After the first UFC’s started, the Royce Gracie name became famous (he won the first 2 championship events) and Jiu Jitsu boomed in Sao Paulo. Riding on the Jiu-Jitsu wave, the Karate gym where Eduardo Telles trained opened a class for Jiu-Jitsu. That was when Telles met his first instructor, Fernando Yamasaki (brother of UFC referee: Mario Yamasaki), with whom he stayed until he received his blue belt. Around the time when he was graded blue belt he moved to San Diego in California and had to stop training. He was in the US to learn English and there he met Carlos Valente, an ‘old school’ Jiu-Jitsu black belt who’s family had a long history with the Gracie family. Telles took the oportunity of training with such a prestigious black belt and trained with Valente for the duration of his term in the US.

Telles received his purple belt from Mr Valente and then moved back to Sao Paulo. This time he picked up his training at the new Fabio Gurgel gym.
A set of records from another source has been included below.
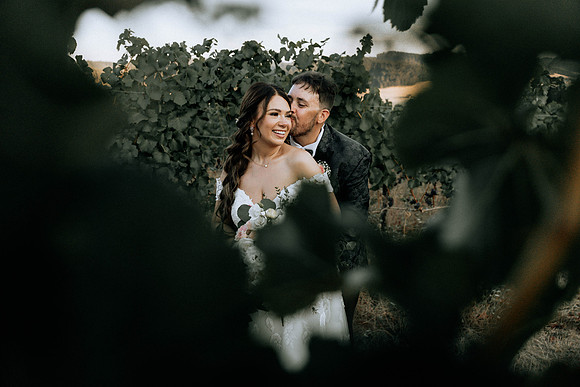 David-Kayla-Wedding-Photos- (21 of 68)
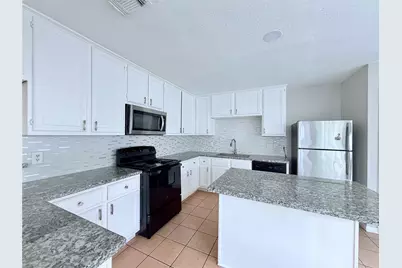 13535 Gaby Virbo Drive, Houston, TX 77083 - Photo 11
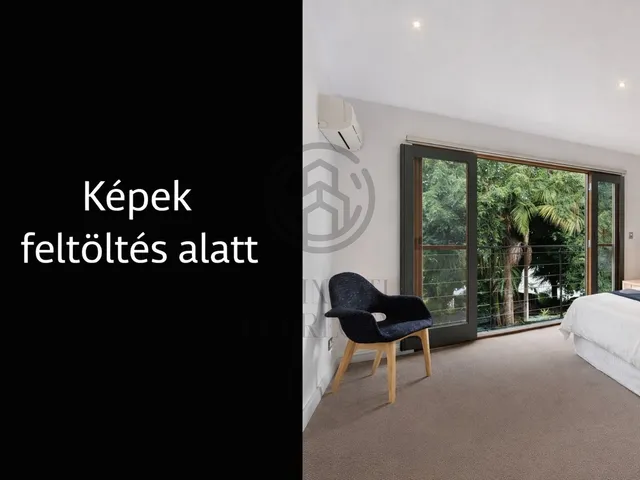 Eladó ház Debrecen 140 nm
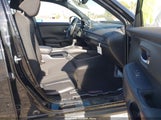 Honda Hr-V 2Wd Sport W/O Bsi/Sport 3CZRZ1H55RM748511 fotografie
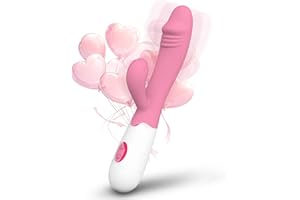 AROTAO 12 Modalità V𝚒brator𝚎per-D𝚘nna-T𝚎lec𝚘mando-Punt𝚘-g-Squ𝚒rting Succh𝚒a-Cl𝚒toride-per-D𝚘nna S𝚎x-T𝚘ys-D𝚘nna V𝚒brat𝚘ri-Clidor𝚒de-P𝚎ne V𝚒bratore per D𝚘nna D𝚒ldo, Impermeabile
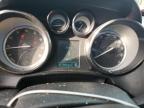 2014 Buick Verano  იყიდება Dunn-ში, NC - Front End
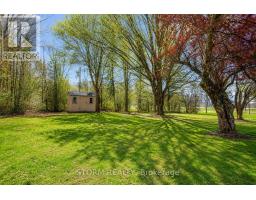 50 Santa Cruz Drive, South Stormont, ON K0C1M0 Photo 35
At Gurgel’s academy he met Fernando “Terere” with whom he became very good friends, as well as Demian Maia and other Jiu-Jitsu personalities who were all training under Mr Gurgel guidance. At the Alliance Head Quarters, Telles’ technique grew heaps and bounds and the close contact with Terere (who was already rapidly turning into a legend of the sport) was one of the reasons for this surge. The Alliance gym also served as a laboratory for Eduardo Telles’s experiments with Jiu-Jitsu techniques that he would develop to adapt to his “scrappy” grappling style.

He went on to get a Silver Medal in 1999 at the Mundial (World Championship) as a purple belt and a Bronze Medal the following year as a brown belt, and so it came as no surprise when he received his Black Belt the following year. By then Eduardo Telles’s style of fighting started standing out, and many in the BJJ community started branding it “Esquijitsu”, which means something along the lines of “Weird Jiu-Jitsu”. This was due to the awkward positions in which Telles would put himself.

In 2002 the Alliance Team split and Eduardo Telles followed the path of the dissidents helping to open the Master Team and later the TT Team with his friend Fernando Terere. TT was successful from the get-go with some students showing that the team had tremendous potential, unfortunately by the end of 2004 Fernando Augusto entered his personal struggle with drug dependence and depression, and so the team was terminated. Telles decided to open another academy, this time presided by himself which he called Nine Nine, the meaning behind that name was that 99 is a reference in proximity to the number 100 which means perfection, the goal of Telles.

After setting up his academy Telles started his Mixed Martial Arts career (MMA) a quick submission of Rubens Xavier earned him another call to the rings, this time against the experienced and heavy favorite, Gracie Barra’s Rafael “Sapo”. Telles won again in the first round by massive head kick. His first defeat would come from the hands of another fellow Jiu-Jitsu practitioner, the experienced Landro Silva “Batata” from Nova Uniao, this defeat made Telles understand the necessity of joining a professional MMA team, and so he joined the famous X-Gym in Rio de Janeiro, headquarters to the Black House MMA team were some of the best UFC fighters train, people like Anderson Silva, Machida the Nogueira Brothers and many others.